座談会に参加するスウェーデン語研究室の教員ら

 言語文化研究科スウェーデン語研究室主催の講演会が12月15日、豊中キャンパスで開かれた。テーマは「スウェーデンの文化とライフスタイル fika/フィーカで紡がれる時間」。日本とスウェーデンの外交関係樹立150周年を記念した事業で、地域住民や卒業生ら約60人が参加した。

 フィーカは、家族や友人、職場の同僚と言葉を交わしながら菓子を食べ、コーヒーを飲むスウェーデンの習慣。会では、シナモンロールやクッキー、コーヒーが振る舞われ、参加者がフィーカを体験した。

 前半の基調講演では、清水育男名誉教授(言語学)が、フィーカという言葉はスウェーデン語でコーヒーを意味するkaffeに由来することや、スウェーデンには角砂糖を先に口に入れてからコーヒーを飲む習慣があることなどを紹介。「日本とスウェーデンの文化には、食事の順番のしきたりをはじめとするさまざまな相違点もあるが、食事後にあいさつをする共通点も見られる」と説明した。
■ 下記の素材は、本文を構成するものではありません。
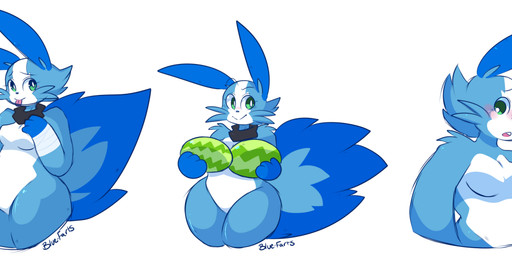 anthro blue_body blue_fur blush breasts female food fruit fur melon plant scarf solo suggestive tongue tongue_out watermelon white_body white_fur sapphireliz shiloh_(sapphireliz) hybrid lagomorph leporid mammal rabbit rodent sciurid tree_squirrel 2016 digital_media_(artwork)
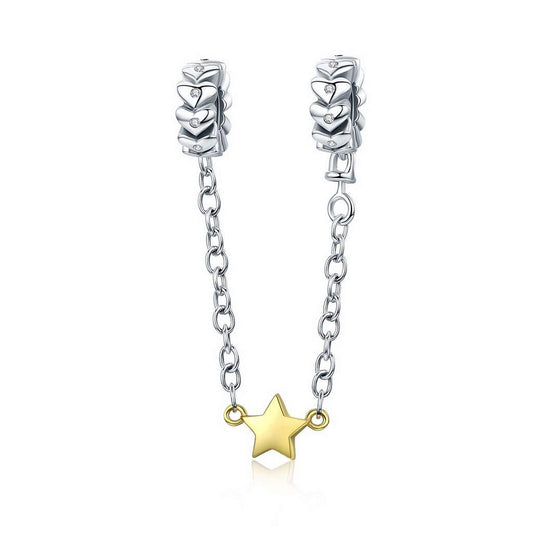 PAHALA 925 Sterling Silver Stackable Heart Chain with Crystals Safety Chain Charm Bead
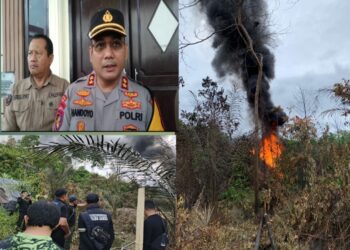 Hari Ke Lima  Kobaran Api di Lokasi Tambang Minyak Ilegal Senami  Belum Padam, Polisi Buru Pemilik Sumur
 後半の座談会では、研究室の教員がスウェーデンに留学していたときの経験を基に来場者からの質問に答えた。

 スウェーデン語を勉強する友人の誘いで参加した中川千晶さんは「フィーカで出されるお菓子は、菓子パン、シフォンケーキ、クッキー、ケーキの順で食べるしきたりがあるなど初めて知ることも多くあり、興味深かった」と話した。